In this project, you will implement a real-time memory allocation strategy called half-fit. The requirements of the project are as follows:

There is one allocation function, void *half_alloc( size_t n ), that takes an integer as an argument and returns a block of memory of the appropriate size. Memory will be allocated in multiples of 32 bytes (including a four-byte header). Any request for any other amount will result in a block of memory of the next largest size being allocated; although the user will not be aware of this. Available memory will be divided into buckets of size 32, 64, 128, 256, 512, 1024 and all the way up to 32768 in powers of two. Each bucket will contain all available blocks of memory of the size up and including to the next size minus 1 (although, as sizes are multiples of 32, it will really be only up to the next size minus 32). Therefore, an available block of 900 bytes will be in the bucket corresponding to 512 to 1023 (although it will only contain blocks from size 512 to 992). A request for n bytes will access a block from the bucket corresponding to the least power of two greater than or equal to the requested amount. As all the blocks in this bucket must be greater than or equal to this power, it is guaranteed that any block of memory from this pool will be acceptable.

The system will be initialized with a single block of size 32768. You will require function void half_init(). This function will always initialize the system as if no memory has been allocated.
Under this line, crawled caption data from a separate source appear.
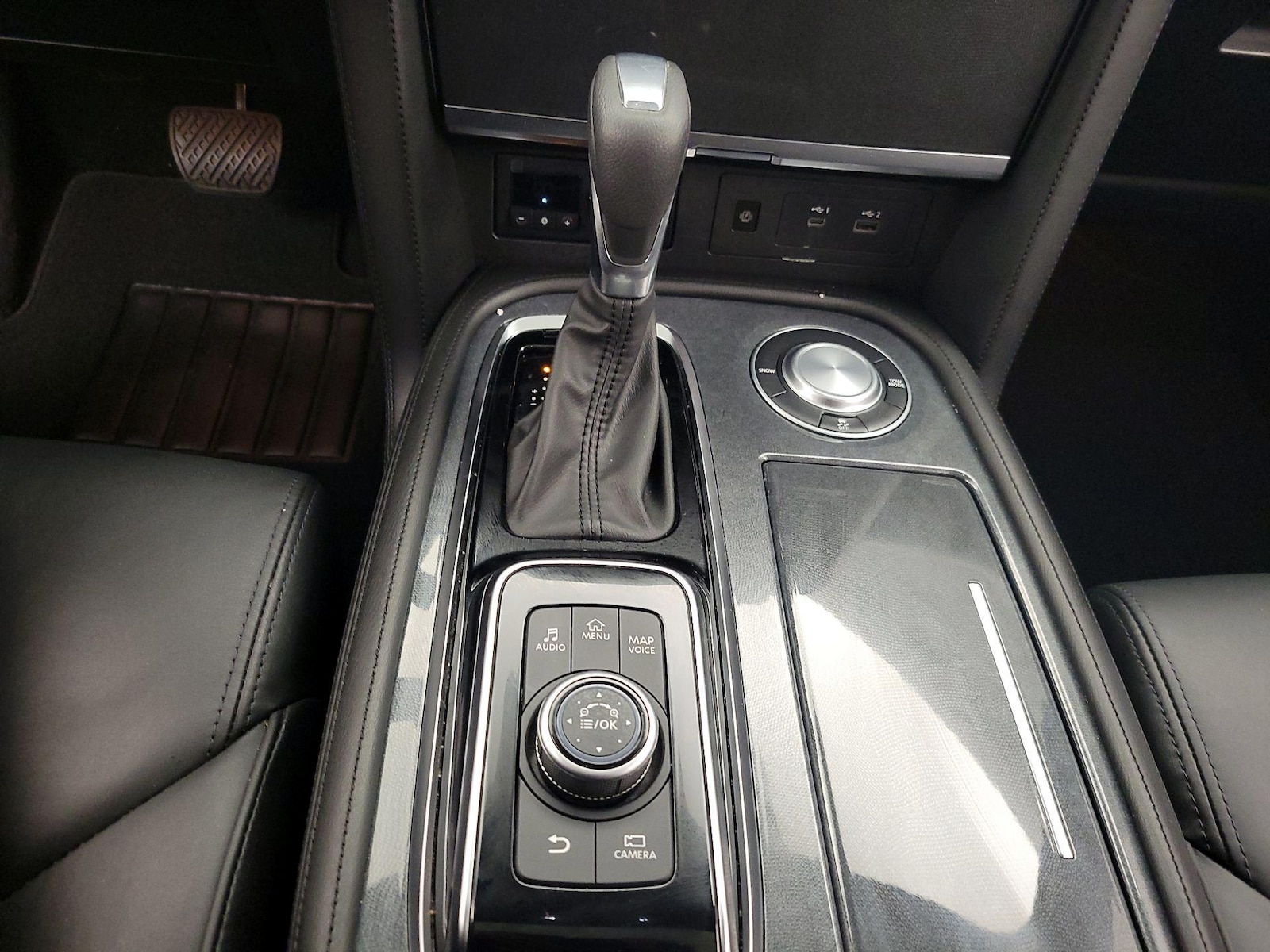 2021 Nissan Armada SL - Photo 19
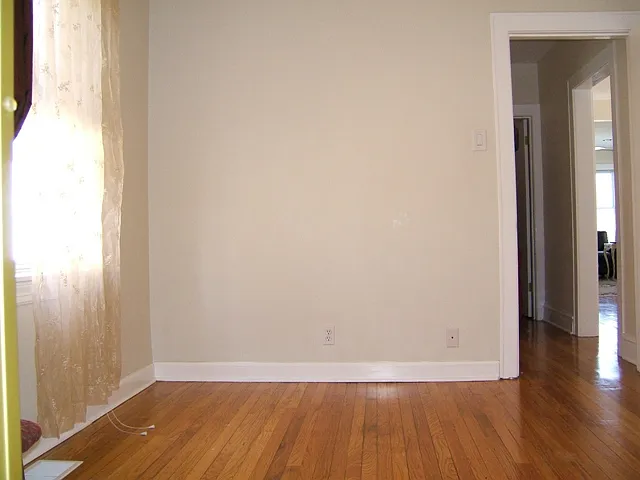 2930 N Melvina Ave — Photo 12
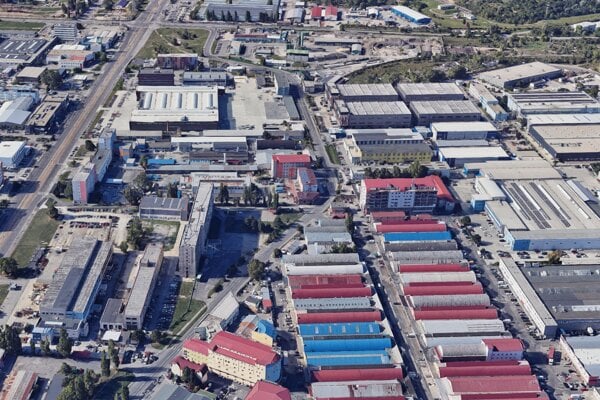 Cinska pracka penazi v Bratislave Miliony tocili aj dalsi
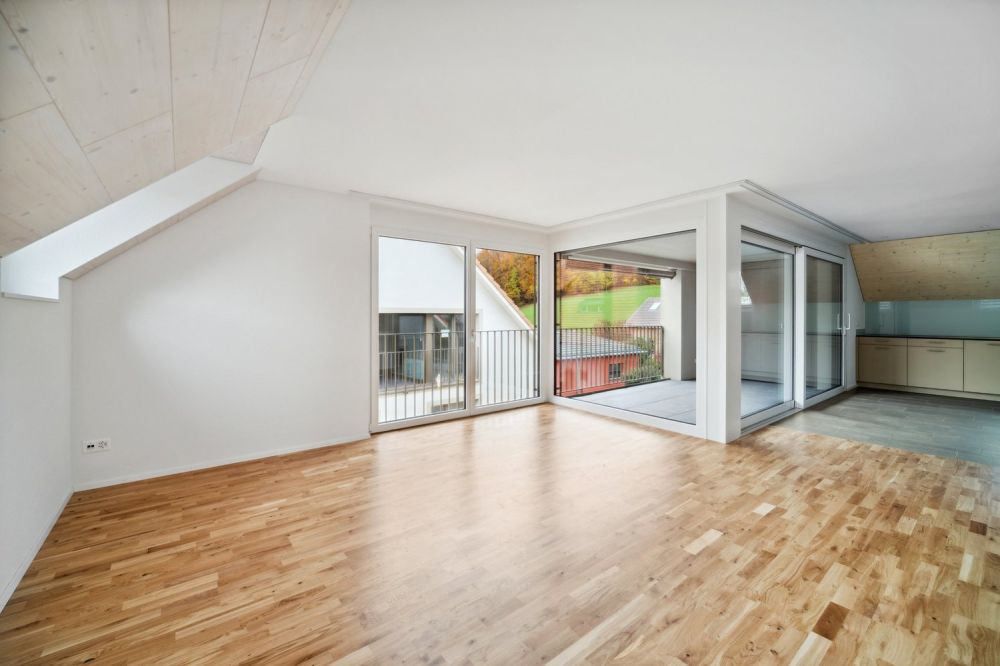 Moderne 4.5-Zimmer-Maisonette-Wohnung - Bild 4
Given a block from the appropriate pool, suppose that is of size m bytes and the request is for n bytes. If m − n < 32, then allocate the entire block and return the address of the first byte. Otherwise, split the block into two allocating the n bytes and placing the other block into the appropriate bucket for a block of size m − n.

Note that if a request is made, say, for a block of size 94 bytes, if the bucket containing blocks of size 128 to 255 is empty, you will keep searching progressively larger and larger buckets until one is found that is not empty. If all buckets are empty, the null pointer is returned.

You do not have to clear the entries of the block (that is, set them to zero).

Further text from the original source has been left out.